Un autre opposant déjà attaqué plusieurs fois
Le meurtre de Vidadi Isgandarli fait écho à des précédents. Un autre opposant au régime au pouvoir en Azerbaïdjan, Mahammad Mirzali, lui aussi réfugié en France, «avait survécu miraculeusement à trois tentatives d’assassinat effectuées en France et organisées par l’Azerbaijan», explique Me Carpentier, également avocat du dissident. La dernière d’entre elles est survenue à Nantes en juin 2022. «Son seul tort aura été de critiquer un régime autoritaire et kleptocratique. Les auteurs ont été identifiés par la justice française et seront jugés dans les mois à venir, mais les donneurs d’ordre n’ont pas été inquiétés», a-t-il poursuivi. «Mahammad Mirzali dénonce l’impunité des plus hautes autorités de Bakou et leur volonté de faire régner la violence sur le territoire français», renseigne encore ses avocats.
A lire aussi
Dans un article de Ouest-France paru mardi, Mahammad Mirzali se demande «jusqu’à quand la France acceptera de voir l’Azerbaïdjan attaquer des personnes sur son sol. Ce régime fait régner la violence». Et l’activiste de poursuivre : «Cela faisait trois semaines que Vidadi se sentait menacé. C’est ce que j’ai vécu moi-même… Cela ravive mes plus grandes peurs. Quand j’ai appris ça ce mardi, je me suis littéralement effondré.
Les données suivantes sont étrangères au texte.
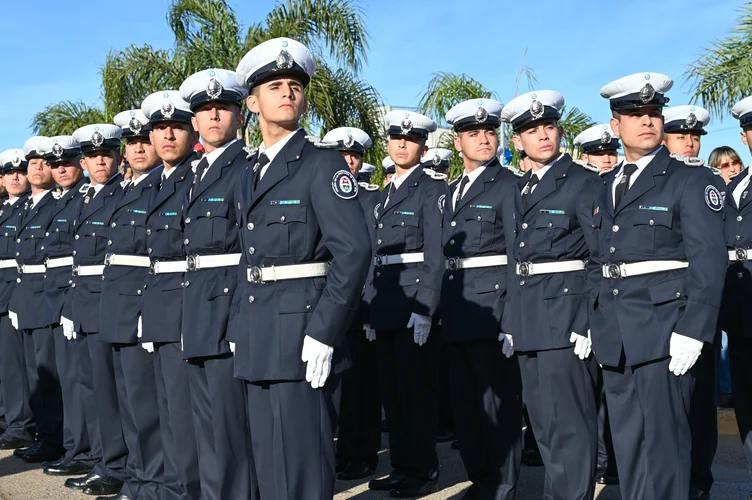 Juramento de fidelidad a la bandera Argentina: Cadetes y aspirantes de la Policía y el Servicio Penitenciario juraron fidelidad en el día de la Bandera Argentina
Ils peuvent frapper à tout moment.»
De son côté, Amnesty International exhorte «les autorités françaises à examiner tous les mobiles possibles» pour le meurtre de Vidadi Isgandarli, et «notamment ses critiques contre le président et le gouvernement azerbaïdjanais, qui étaient les raisons l’ayant poussé à s’exiler». Natalia Nozadze, chercheuse pour la région du Sud-Caucase au sein de l’ONG, ajoute : «C’est la deuxième fois ces dernières années qu’un Azerbaïdjanais vivant en exil en France est victime d’une attaque au couteau […] Le monde doit savoir qui est responsable de ces agressions contre des émigrés azerbaïdjanais sur le sol français et des mesures doivent être prises pour empêcher que cela ne se reproduise.»